An overwhelming audience of 4,500 close friends and neighbors came to the Deauville that afternoon for the Beatles’ dress rehearsal. That same evening, due to the massive number of attendees; over 1,000 ticket holders of the 4,000 who had purchased tickets for the Beatles performance at the Deauville, could not get in. The Beatles opened their live show with “She Loves You”, followed by “This Boy” and “All My Loving”, then returned later to close the show with “I Saw Her Standing There”, “From Me To You” and “I Want to Hold Your Hand”. During their stay, The Beatles held one of their most famous photo shoots while swimming in The Deauville’s pool and beach. They loved the hotel so much that they stayed the entire week!

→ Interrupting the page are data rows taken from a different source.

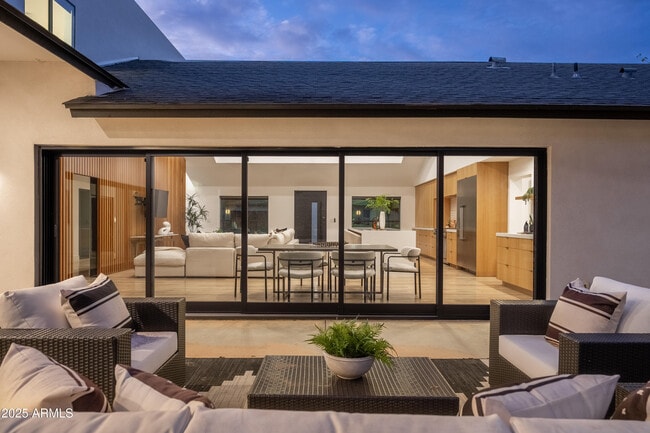 Building Photo - 4421 E Earll Dr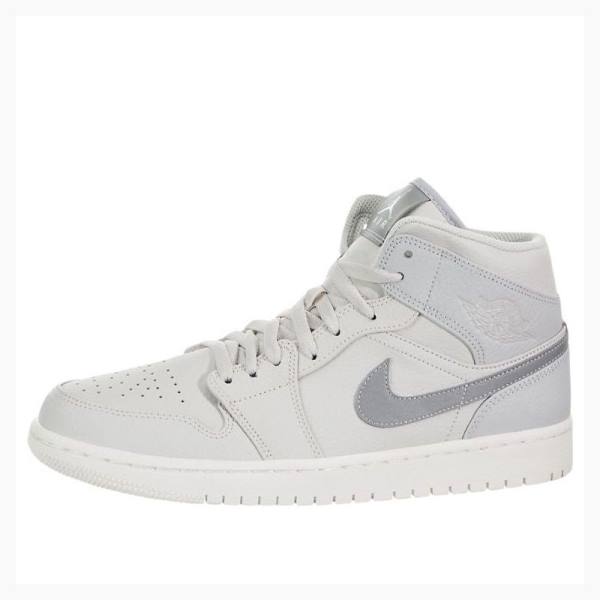 Nike Mid SE Light Bone Basketskor Air Jordan 1 Herr Silver | JD-135GE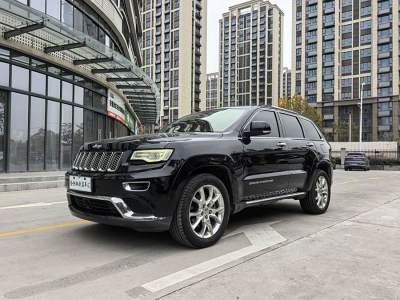 2015年10月 Jeep 大切諾基(進(jìn)口) 3.0L 旗艦尊悅版圖片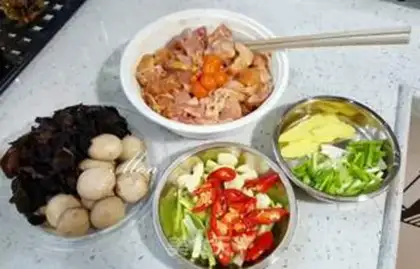 Make Pepper chicken step 0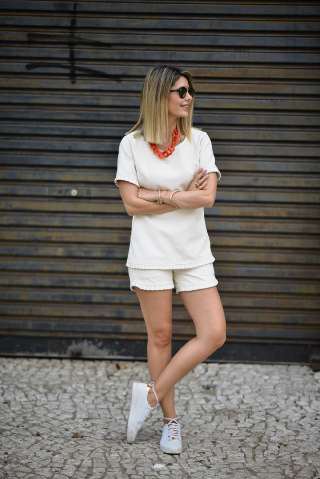 tenis amarrado no tornozelo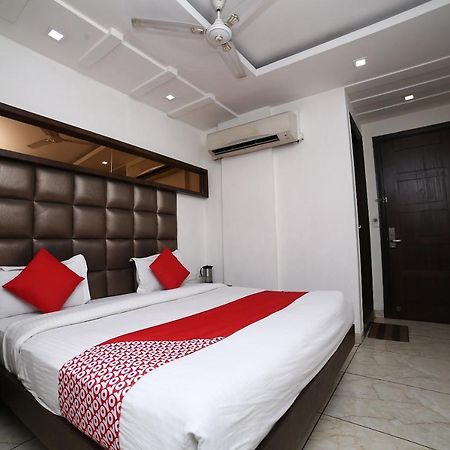 Oyo 11150 Hotel Jmd Rooms New Delhi Ngoại thất bức ảnh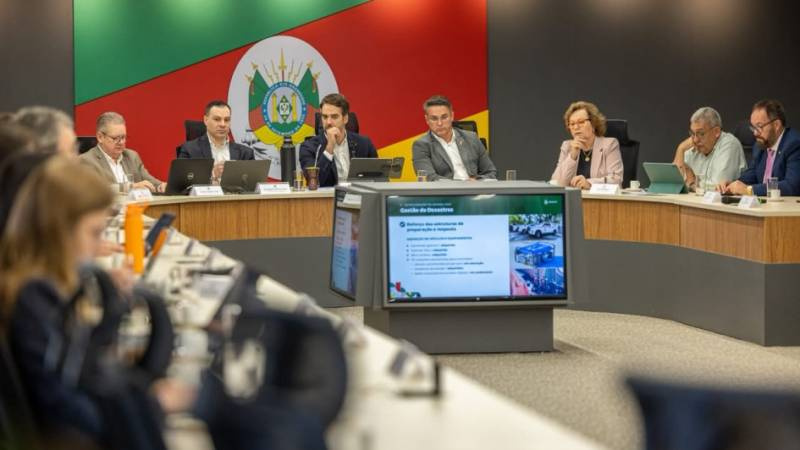 Leite e Zucco avançam na transição de governo com apresentação sobre o Plano Rio Grande e a Defesa Civil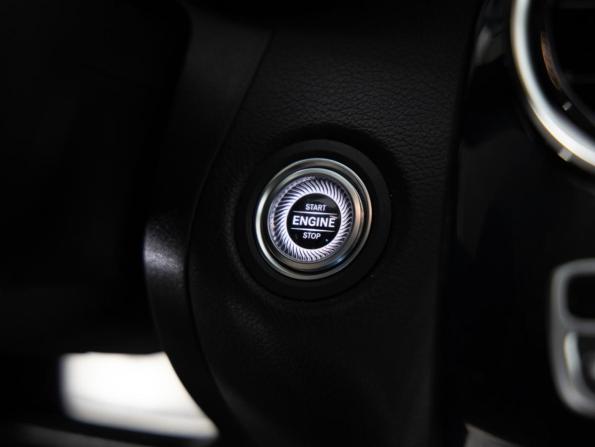 Mercedes-Benz C-Класс IV (W205) Рестайлинг с пробегом 2019 года, цена 3 250 000 рублей, 70852 км, седан, Автокод Объявления
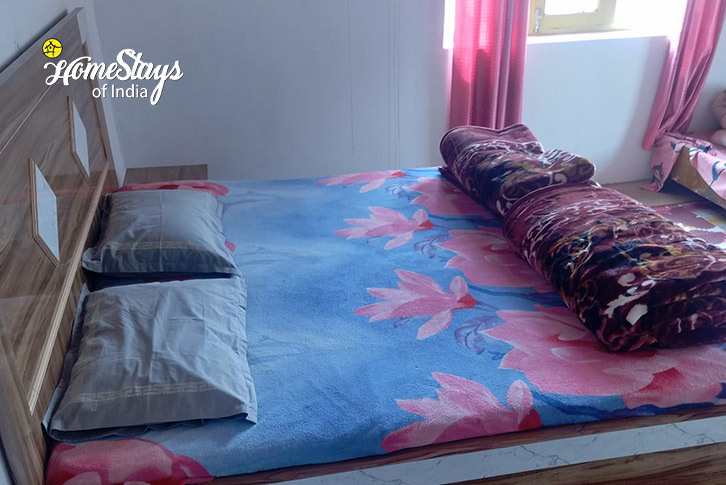 Room-2-Khangu Homestay-Kaza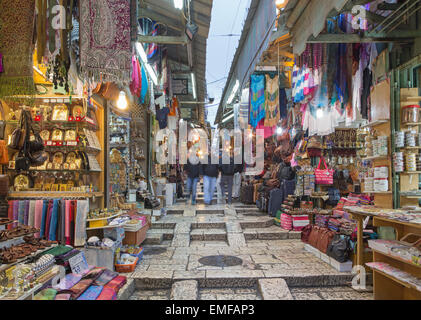 JERUSALEM, ISRAEL - 3. März 2015: Der Market Street in der Altstadt bei voller Aktivität. Stockfoto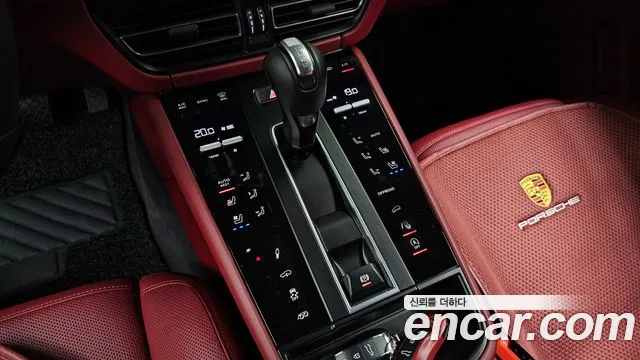 Porsche Macan — Фото автомобиля 9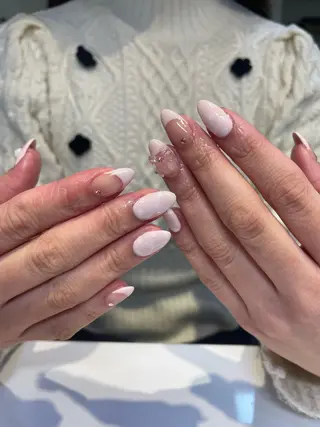 ネイル ネイルサロン　SLASH所属・Aki ୨୧のネイルデザイン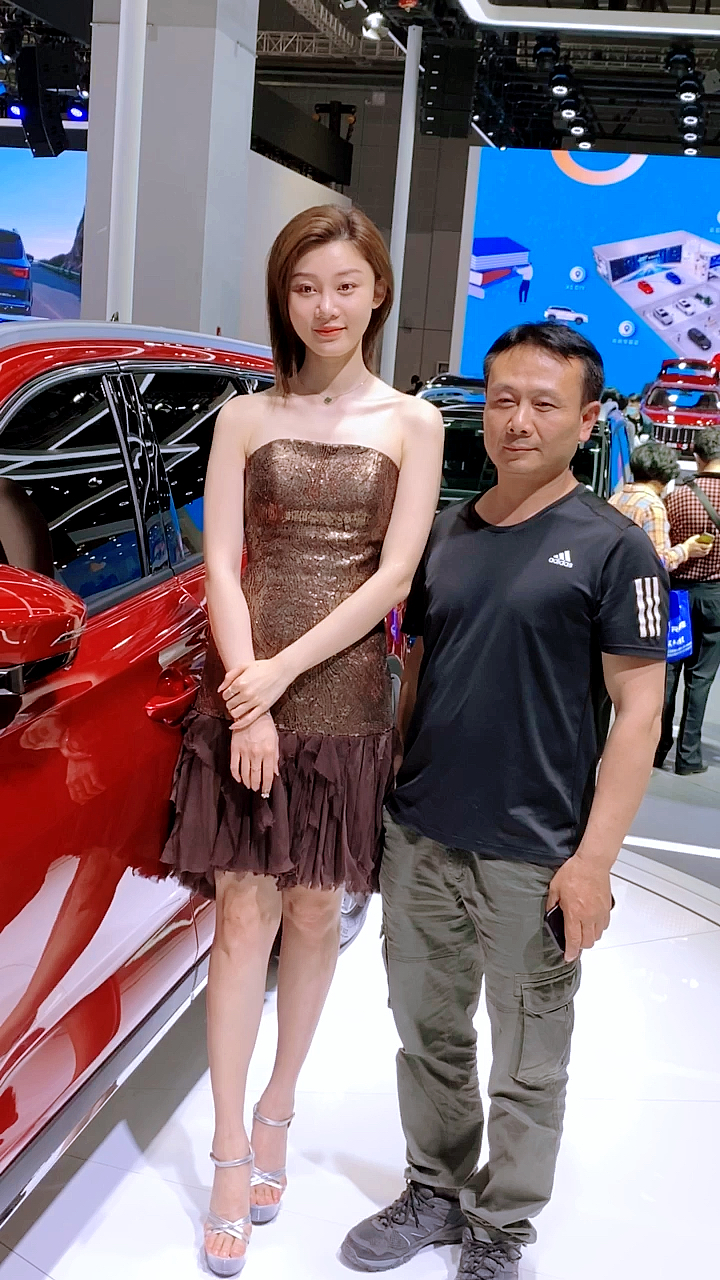 美女车模#现在去车展玩的人为什么都喜欢和车模合影,一高一矮难看的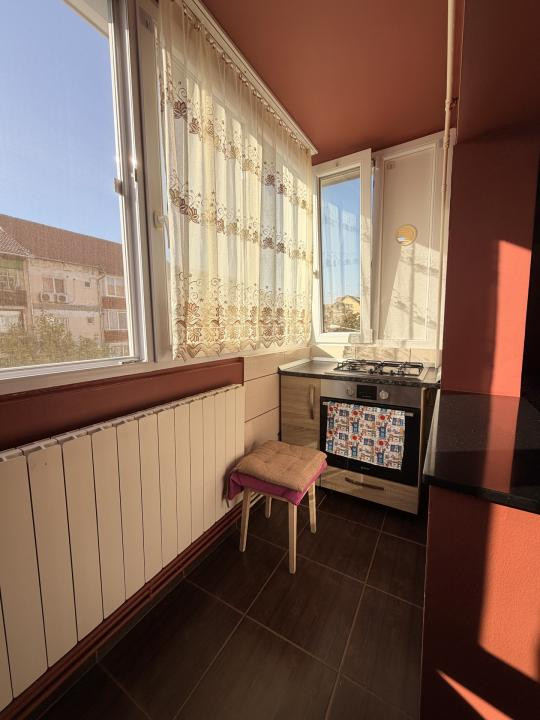 Apartament 4 camere, decomandat, 70 mp utili, boxa, etaj 3 - Soarelui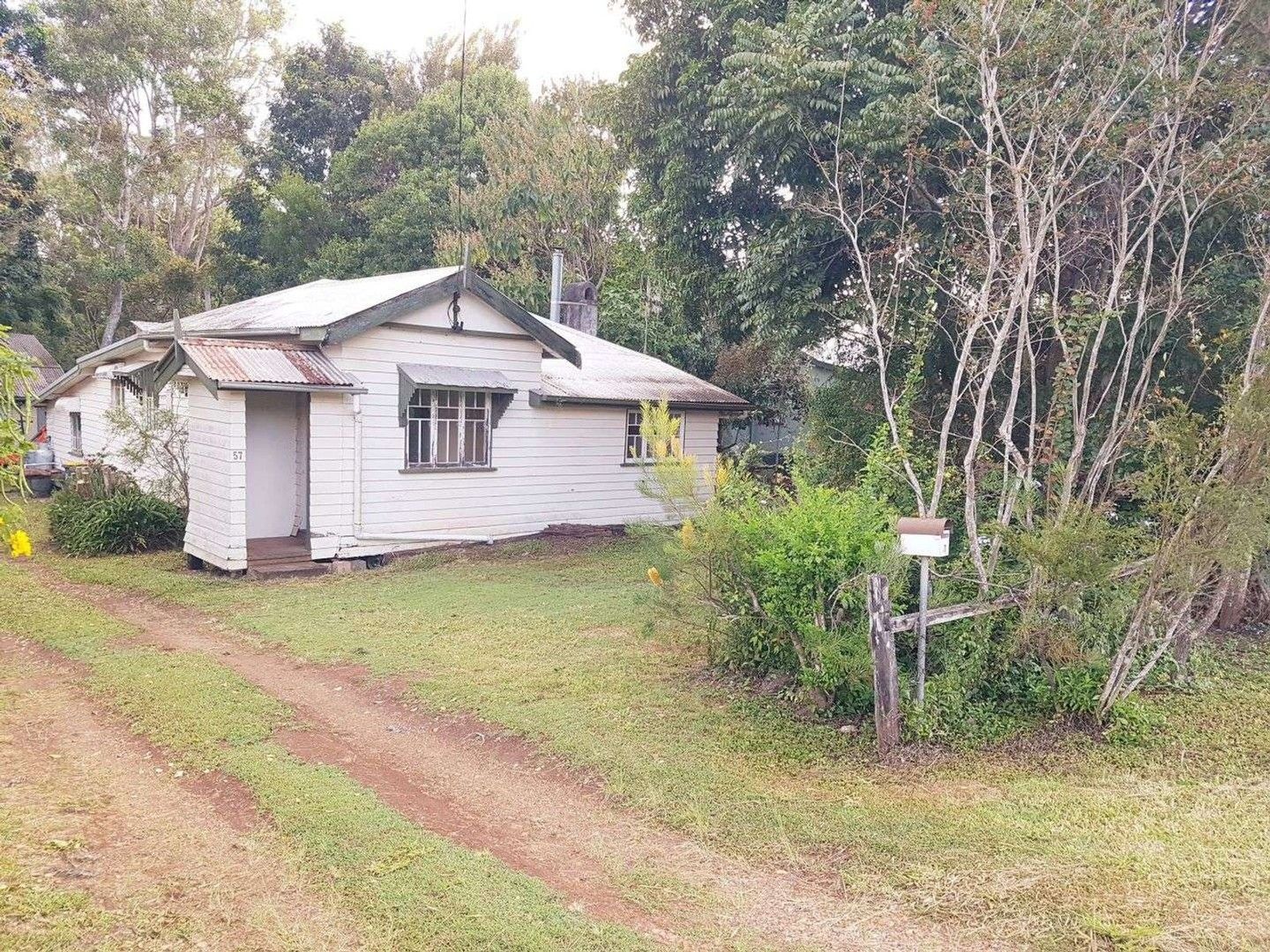 2 bedrooms House in 57 Herbert Street RAVENSHOE QLD, 4888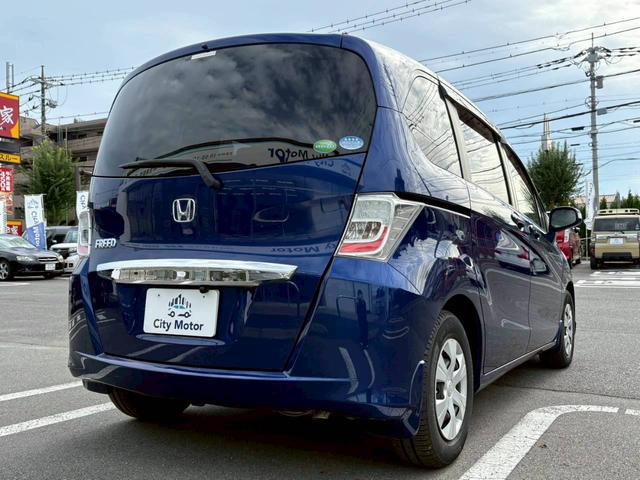 フリード GH 電動スライドドア ナビ TV ETC バックモニター ヘッドライトHID オートライト スマートキー オートエアコン 電動格納ミラー サイドバイザー パワーウィンドウ VSA 純正ホイールキャップ(8枚目)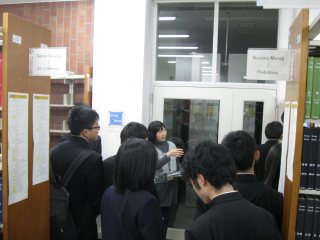 写真：附属図書館の見学の様子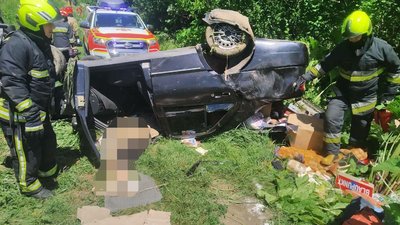 На Рівненщині авто впало із мосту, водій загинув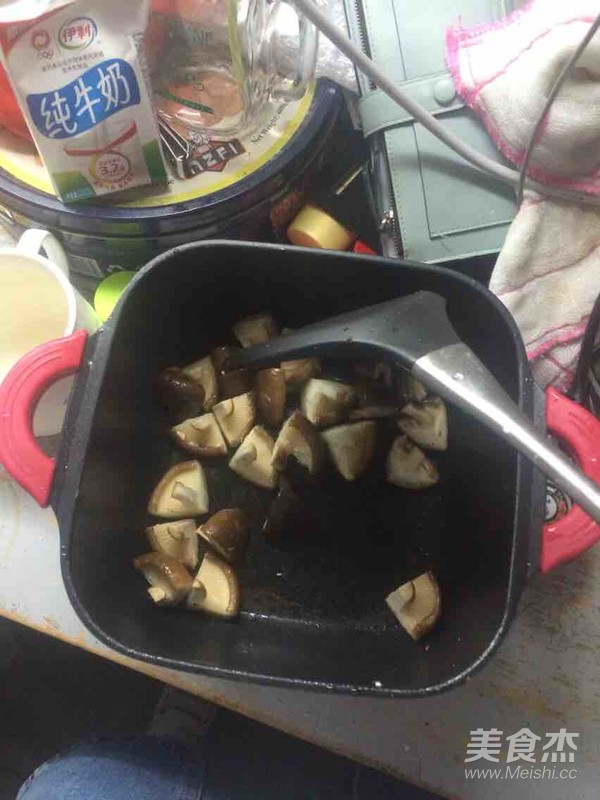 香菇豆腐汤的步骤
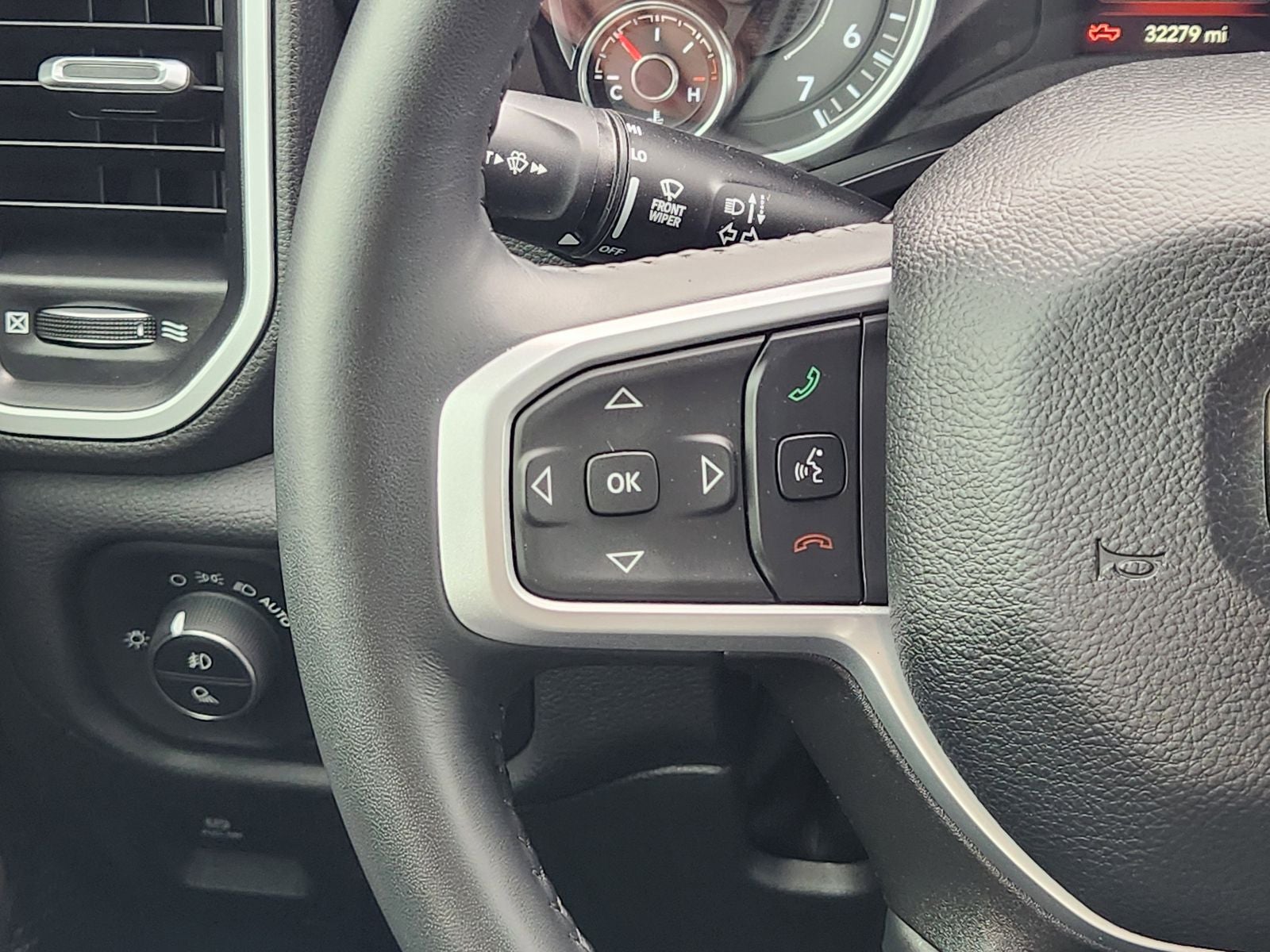 2023 RAM Ram 1500 Lone Star Quad Cab 4x2 6'4' Box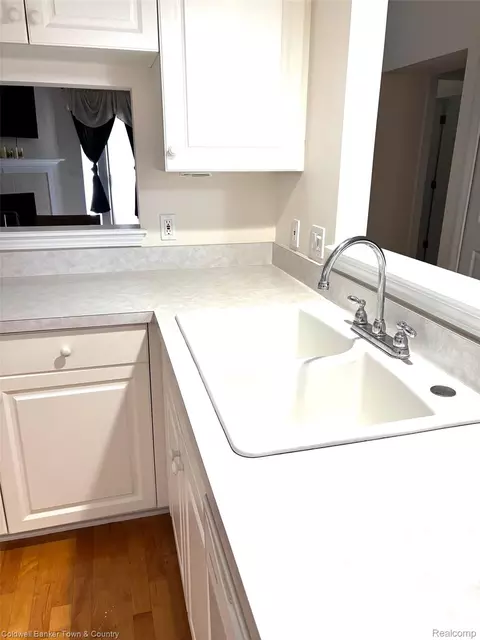 Kitchen - 6320 Squire Lake Dr, Mount Morris, MI 48433 photo 3 of 3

However; the Deauville Beach Resort’s history of glitz and glamour has been long in the making before the memorable 1964 presence of The Beatles.  The Deauville was a favorite of the 1950’s and 60’s stars such as Frank Sinatra, Sammy Davis Jr., Dean Martin, Joey Bishop and Tony Bennett, to just name a few. They were attracted to The Deauville for both: professional and personal reasons. Holding packed-house performances at the famed Napoleon Ballroom and at the same time enjoying one of America’s finest beach destinations.




In 1957, the Deauville Beach Resort was reconstructed following the MiMo architecture aesthetics. It received the “Hotel of the Year” award and gave rise to the jewel it is today. Its doors reopened to a fully booked season of glamour, which set forth the coming of a new era for the Deauville. One of the jet-setting events in The Deauville and Miami Beach’s history was the creation of the “Cavalcade of Stars” show in 1959. Created by Hotelier Morris Lansburg, guests from various neighboring hotels were transported to the Deauville for an unforgettable evening of all-star entertainment.
Some of the world’s most loved stars performed in the Napoleon Ballroom during these so called “rolling parties.” Stars featured in the lineup included Red Buttons, Lonesome George Gobel, Judy Garland, Louis Armstrong, Sophie Tucker, The Ritz Brothers, Connie Francis and Tony Bennett.